Show up — Vote yes on 15-214
By Stephen Jensen
They think that the Ashland voters are dupes. Their campaign suggests that Ashland voters are easily fooled. Loud and clear, with their “no” campaign on the food and beverage Ballot Measure 15-214, they offer up an Orwellian, cynical and dishonest campaign that should be an affront to every Ashland voter.
They did properly register their PAC with the secretary of state, cleverly adopting the title, “Save Our Parks.” However, within that filing, in the section titled “Nature of Committee,” they unambiguously state: “Opposition to increased funding for Ashland Parks and Recreation Department.” The next step in their crafty campaign was to design a gaudy red sign with the slogan “Save Our Parks. Vote No on 15-214.”
Clever, if you are running a silly middle school student body election. Insulting if you hope to convince Ashland voters.
And currently they are pelting Ashland voters with a barrage of misinformation, partial facts, outright untruths and wildly speculative financial projections.
Please consider several facts that fly in the face of this patently juvenile campaign of disinformation.
The food and beverage tax (approximately $2 million), while originally designed to help fund Ashland’s paving program, is not currently used for paving Ashland streets.
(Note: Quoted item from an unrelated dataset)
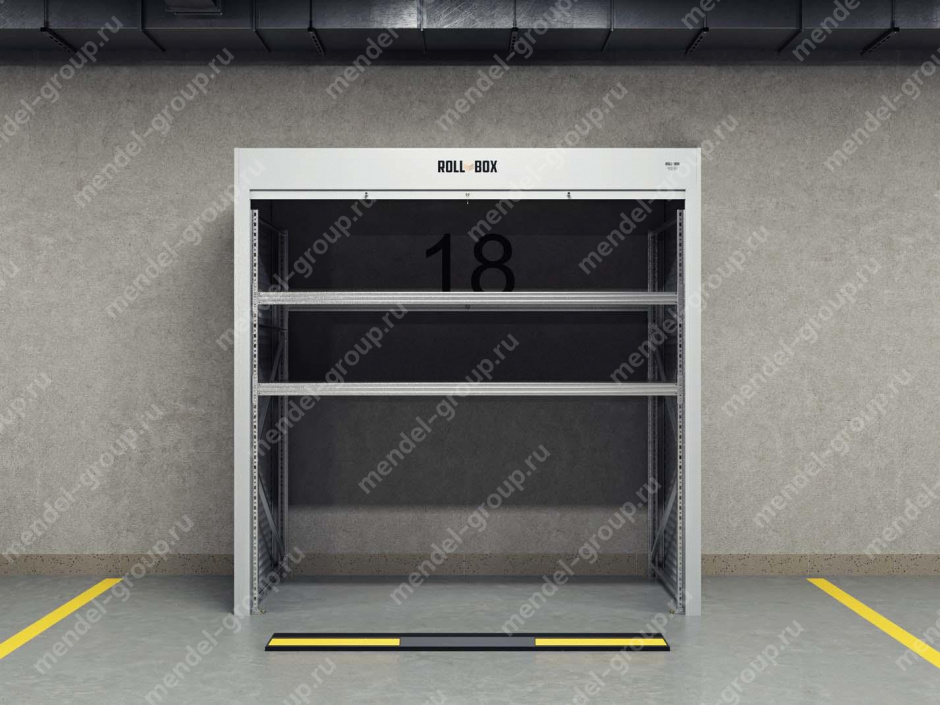 Шкаф в паркинг с рольставнями ROLL-BOX P2 №1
A much more reliable and adequate method now uses franchise fees and gas tax money to do so, per Scott Fleury, director of Public Works. Thus, the hand-wringing over street conditions connected to the food and beverage tax is pants-on-fire false.
The City Council by and large controls the Ashland Parks budget, and this food and beverage tax ballot measure, if approved by voters, would fill only about one-third of the typical Ashland Parks budget requirements. It certainly would not increase the Ashland Parks budget, as erroneously claimed by opponents.
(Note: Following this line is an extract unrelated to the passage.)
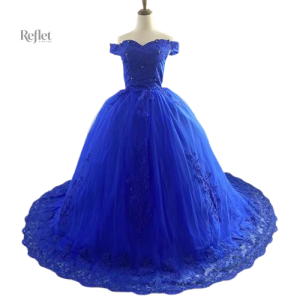 Robe princesse femme avec jupe ample et délicate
Currently, the food and beverage tax is legally locked up and can only be used exclusively for Ashland Parks capital improvement projects. It cannot even be used for parks maintenance, operations or equipment.
A “no” vote does not free up this money for any other use. It is $2 million that remains locked up, requiring the City Council to use other money in the general fund to backfill the Ashland Parks budget — money that could and should remain in the general fund to help fund essential fire, police and public safety requirements.
Approval of this measure simply dedicates the food and beverage tax to a specific and vital purpose in our town: maintenance and operation of our valued park system. It removes outdated and unnecessary encumbrances with a clean and clear allocation of public money. The extension to the year 2040 allows for proper planning and long-term budget alignment.
The “no” campaign has attempted to confuse and disrespect voters and, in doing so, tear down community support for our 131-year-old park system, which is one of the hallmarks of our town.
And to those voters who may be unhappy with the condition of the golf course or vandalism in the park’s restrooms or swimming pool hours or trash pickup, using this ballot measure to vent your frustration toward Ashland Parks is not an effective use of your vote.
Join our community and help celebrate and support our parks.
Ashland voters are not dupes. We are not hayseeds. Neither are we easily fooled. Show up. Vote yes on 15-214.
Stephen Jensen is a former Ashland city councilor.